• _Task requirements_
With the pictures removed, please write out every line below exactly as given.

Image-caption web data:
___

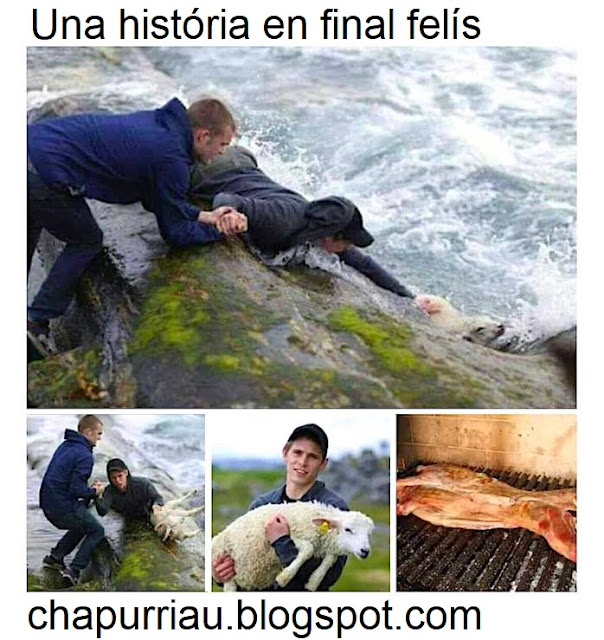 Una história en final felís, cordé, mar, brasa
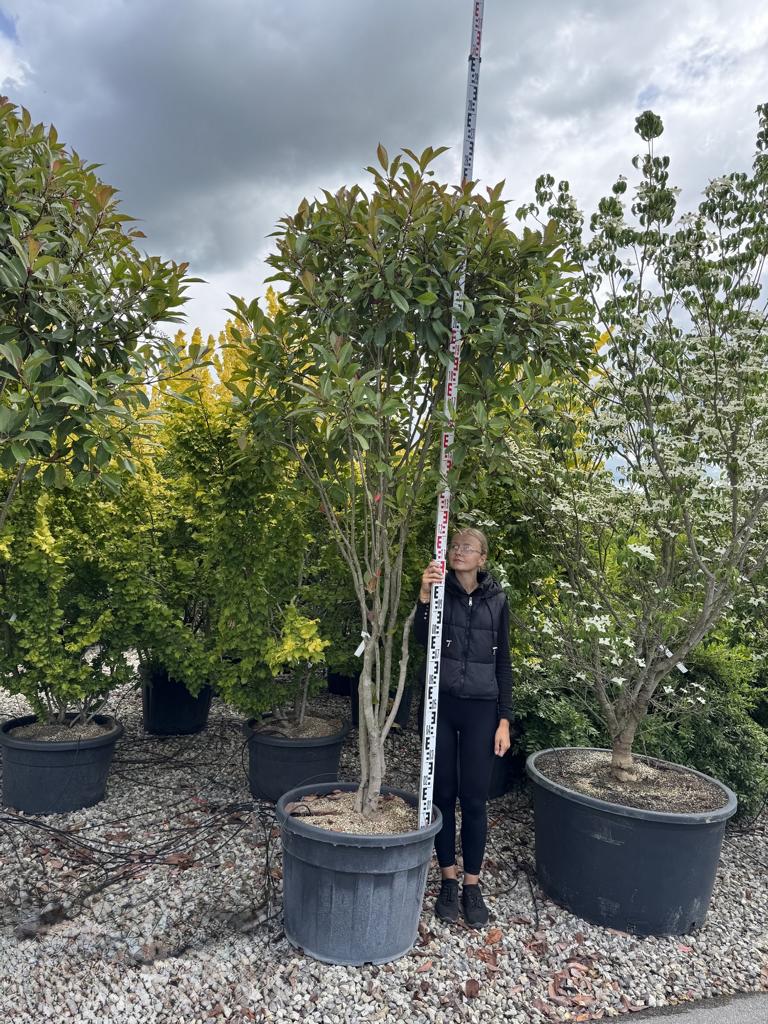 Photinia fraseri (x) 'Red Robin' Schirmform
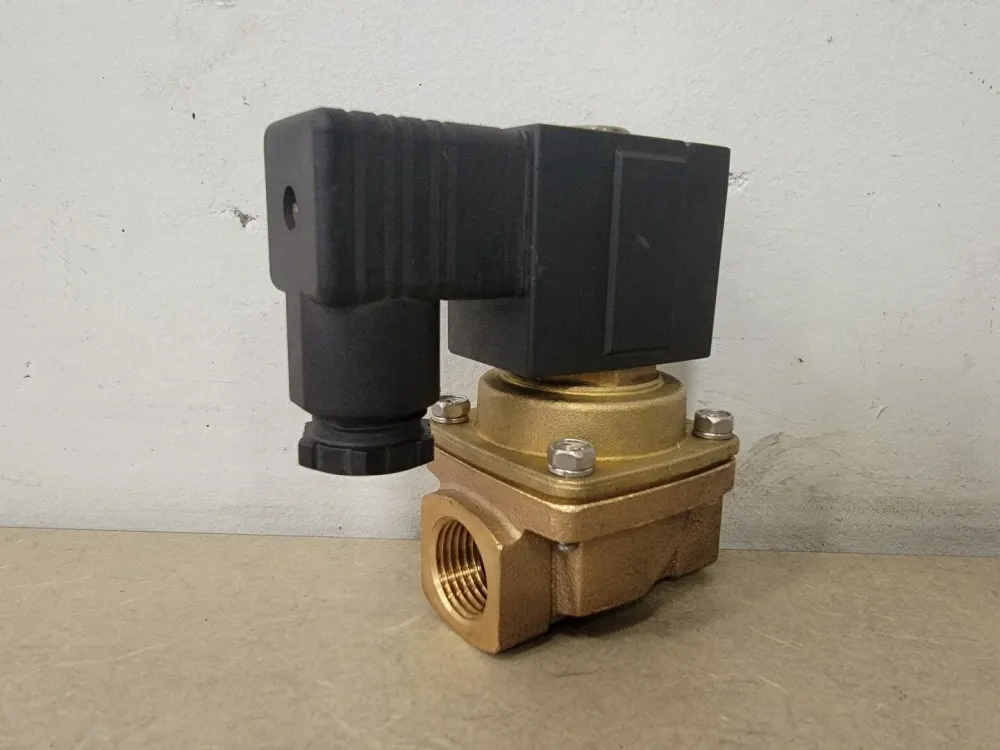 Solenoid Valve 30-VXZ2240-04N-2D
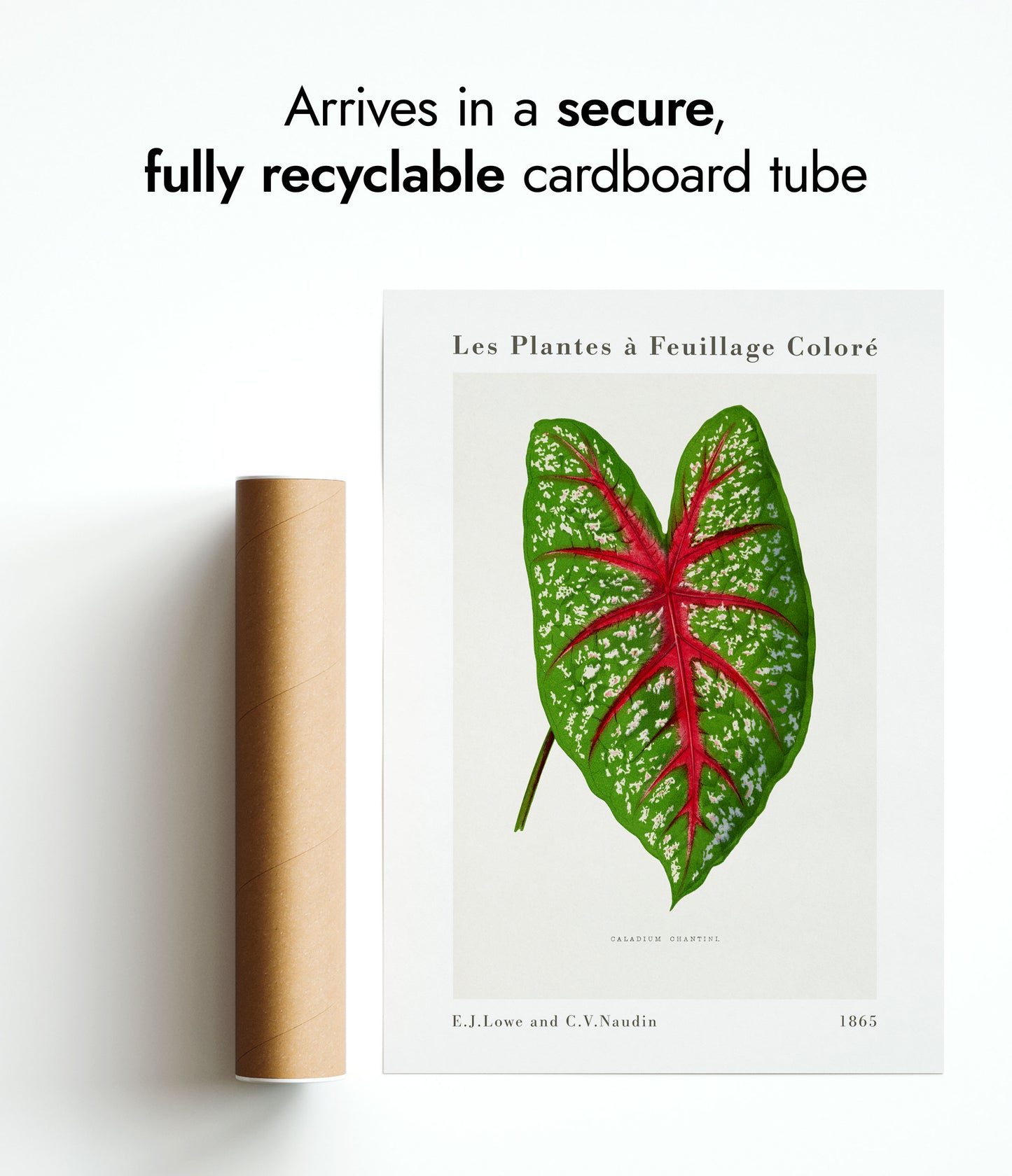 Caladium vert Chantini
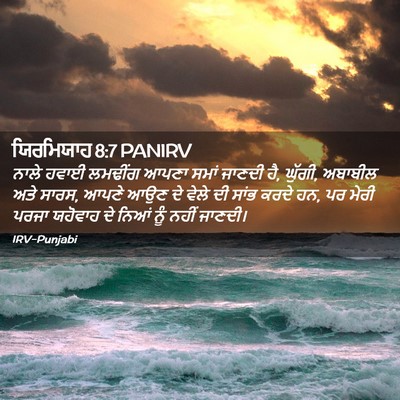 Picture 02 - ਯਿਰਮਿਯਾਹ 8:7 PANIRV - ਨਾਲੇ ਹਵਾਈ ਲਮਢੀਂਗ - Bible Verse Picture
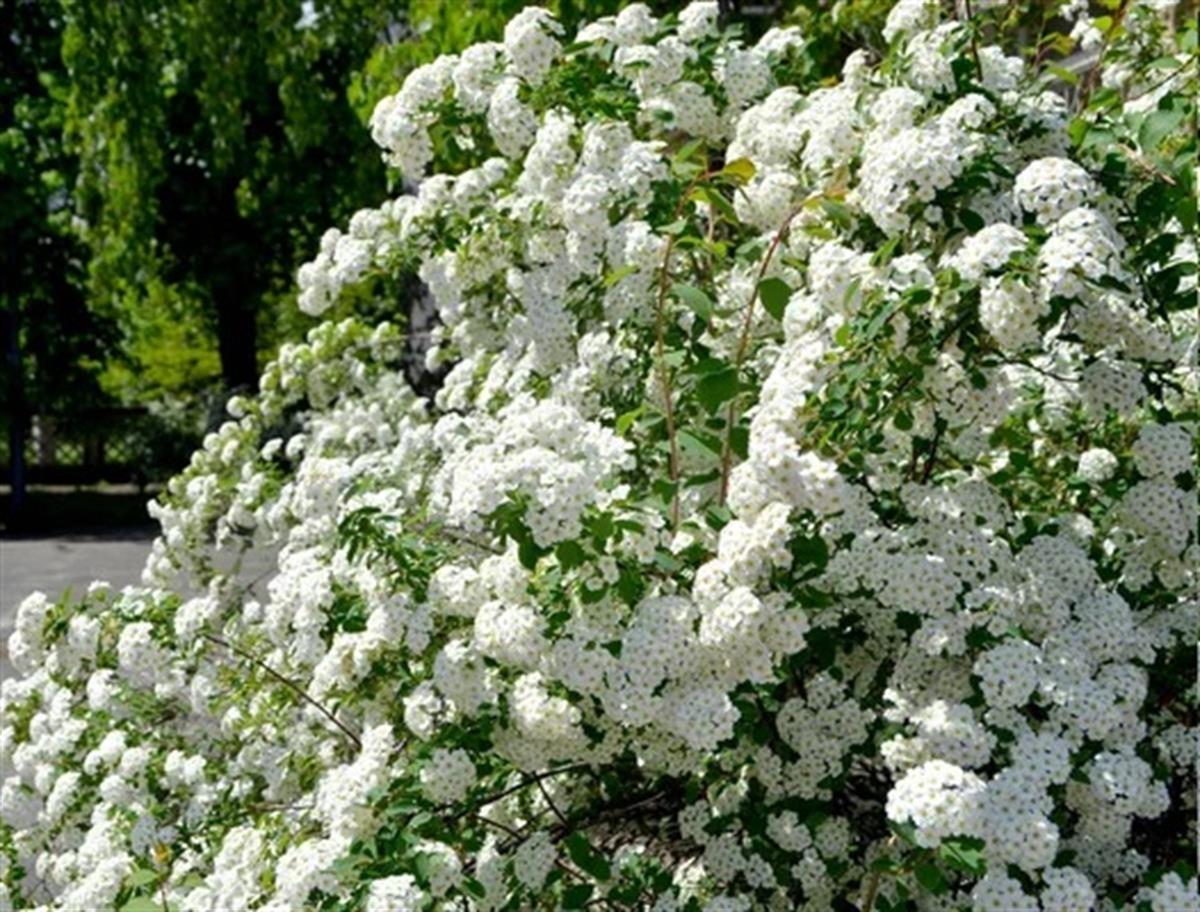 Spirea vanhouttei İspirya fidanı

___

• _Solution to this problem_
 Una história en final felís, cordé, mar, brasa
 Photinia fraseri (x) 'Red Robin' Schirmform
 Solenoid Valve 30-VXZ2240-04N-2D
 Caladium vert Chantini
 Picture 02 - ਯਿਰਮਿਯਾਹ 8:7 PANIRV - ਨਾਲੇ ਹਵਾਈ ਲਮਢੀਂਗ - Bible Verse Picture
 Spirea vanhouttei İspirya fidanı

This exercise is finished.